See below, these are really general purpose triggers, that are well suited to validation, but also other actions including ones that maintain data integrity without being "validation" per se.
Date: Thursday, July 04, 2019 3:28 PM
Date: Tuesday, July 02, 2019 8:40 AM
[...]
My last ideas:
- validating individual key operation as they happen in okvs-set! maybe okvs-delete!
Definitely both, and potentially beyond validating, to for example implement cascading deletes if the schema demands that.
- validating whole transactions
I haven't yet figured out anything we can do beside follow the SQL RDBMS model.
Note this is implemented by full fledged stored procedures, they'll need to be handed the transaction handle because they can and may need to do arbitrary database operations. This has implementation implications for the 'no-transaction concept, it could turn what appears to be a single operation into multiple ones that all need to be wrapped in the same transaction.
Well, make a no-transaction operation into a multi-operation transnational operation would be missing the point of no-transaction.
'no-transaction imply not atomic.
That's a good point, but it will cause unpleasant, and very obnoxious to fix surprises if 'no-transaction operations call triggers that mutate the database, like cascading deletes, and this gets interrupted. And 'no-transaction is intended to be something of a lie, in that for databases that support transactions, the single procedure using it as its transaction handle must execute it in a transaction. The idea is to give the library code the information it needs to execute a single operation with the highest efficiency and safety. And I'm pretty sure we don't want 'no-transaction to skip triggers.

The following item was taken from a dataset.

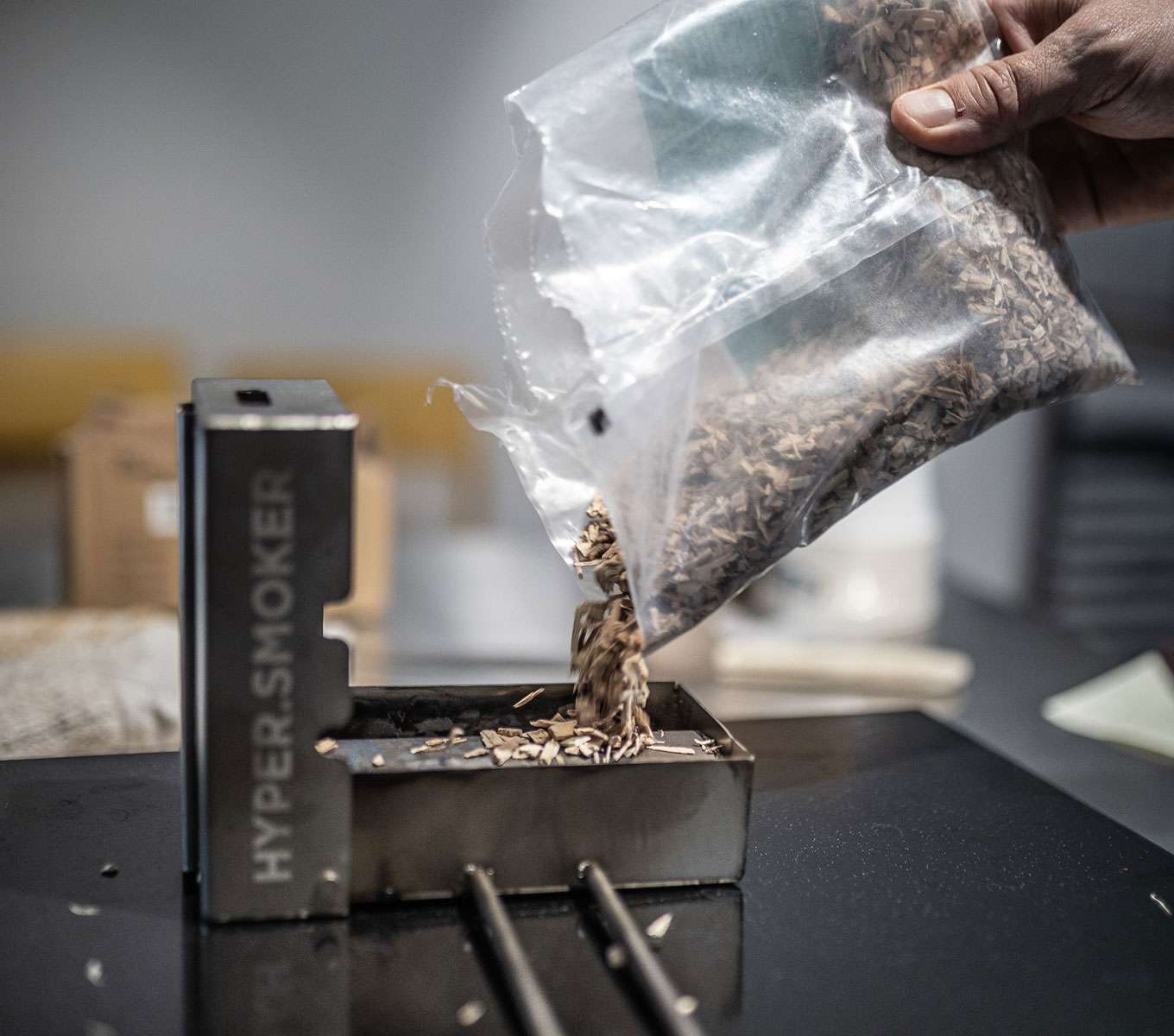 Smoking accessory for Unox combi ovens with a load of wood chips inside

So maybe we want to change it to 'single-transaction, with the caveats that there will be none if the OKVS doesn't support them, and multiple if it calls triggers.
For maintenance purposes, we need a way to skip trigger procedures, but allow transactions. We should take the SQL approach that allows you to disable and enable triggers, but disable them for no longer than the duration of the running process, since we're successfully avoiding a requirement for durable storage persistence for this.
A bit of searching revealed that Wiretiger doesn't seem to have nested transactions, but Oracle's Sleepycat Berkeley DB does, so the concept is not alien to KVSes. Do we want to make any provisions for them?
I don't think we should.
In terms of the API prior to the 'no-transaction update, it could be very simple by handing okvs-transaction-begin and okvs-in-transaction the existing outer transaction handle instead of the okvs database handle.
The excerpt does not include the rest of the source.